Material provided

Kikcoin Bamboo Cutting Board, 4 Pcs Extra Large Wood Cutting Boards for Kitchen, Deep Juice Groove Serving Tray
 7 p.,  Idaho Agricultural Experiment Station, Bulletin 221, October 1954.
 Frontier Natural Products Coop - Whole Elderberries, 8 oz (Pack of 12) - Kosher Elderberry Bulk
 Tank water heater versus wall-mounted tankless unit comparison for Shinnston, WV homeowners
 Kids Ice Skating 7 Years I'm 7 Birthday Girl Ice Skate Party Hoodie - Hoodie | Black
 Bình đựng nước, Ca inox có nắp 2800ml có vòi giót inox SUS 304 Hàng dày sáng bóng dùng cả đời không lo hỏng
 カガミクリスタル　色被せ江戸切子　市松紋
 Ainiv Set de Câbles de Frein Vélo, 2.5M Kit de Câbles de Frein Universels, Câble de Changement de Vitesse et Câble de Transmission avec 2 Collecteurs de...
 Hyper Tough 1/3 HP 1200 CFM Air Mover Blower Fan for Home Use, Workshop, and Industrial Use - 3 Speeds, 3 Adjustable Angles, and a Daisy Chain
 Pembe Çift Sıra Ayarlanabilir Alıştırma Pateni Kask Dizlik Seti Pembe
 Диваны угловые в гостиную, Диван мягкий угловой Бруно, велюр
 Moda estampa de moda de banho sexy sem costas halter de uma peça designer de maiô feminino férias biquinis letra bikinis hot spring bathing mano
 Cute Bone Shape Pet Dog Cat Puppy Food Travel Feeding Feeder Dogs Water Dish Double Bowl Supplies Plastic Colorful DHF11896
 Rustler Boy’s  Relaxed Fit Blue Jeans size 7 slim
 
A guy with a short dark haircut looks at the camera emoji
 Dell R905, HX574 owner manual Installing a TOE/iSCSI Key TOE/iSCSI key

What the exercise asks
In full and without alteration, repeat the records.

Task result
Kikcoin Bamboo Cutting Board, 4 Pcs Extra Large Wood Cutting Boards for Kitchen, Deep Juice Groove Serving Tray
 7 p.,  Idaho Agricultural Experiment Station, Bulletin 221, October 1954.
 Frontier Natural Products Coop - Whole Elderberries, 8 oz (Pack of 12) - Kosher Elderberry Bulk
 Tank water heater versus wall-mounted tankless unit comparison for Shinnston, WV homeowners
 Kids Ice Skating 7 Years I'm 7 Birthday Girl Ice Skate Party Hoodie - Hoodie | Black
 Bình đựng nước, Ca inox có nắp 2800ml có vòi giót inox SUS 304 Hàng dày sáng bóng dùng cả đời không lo hỏng
 カガミクリスタル　色被せ江戸切子　市松紋
 Ainiv Set de Câbles de Frein Vélo, 2.5M Kit de Câbles de Frein Universels, Câble de Changement de Vitesse et Câble de Transmission avec 2 Collecteurs de...
 Hyper Tough 1/3 HP 1200 CFM Air Mover Blower Fan for Home Use, Workshop, and Industrial Use - 3 Speeds, 3 Adjustable Angles, and a Daisy Chain
 Pembe Çift Sıra Ayarlanabilir Alıştırma Pateni Kask Dizlik Seti Pembe
 Диваны угловые в гостиную, Диван мягкий угловой Бруно, велюр
 Moda estampa de moda de banho sexy sem costas halter de uma peça designer de maiô feminino férias biquinis letra bikinis hot spring bathing mano
 Cute Bone Shape Pet Dog Cat Puppy Food Travel Feeding Feeder Dogs Water Dish Double Bowl Supplies Plastic Colorful DHF11896
 Rustler Boy’s  Relaxed Fit Blue Jeans size 7 slim
 
A guy with a short dark haircut looks at the camera emoji
 Dell R905, HX574 owner manual Installing a TOE/iSCSI Key TOE/iSCSI key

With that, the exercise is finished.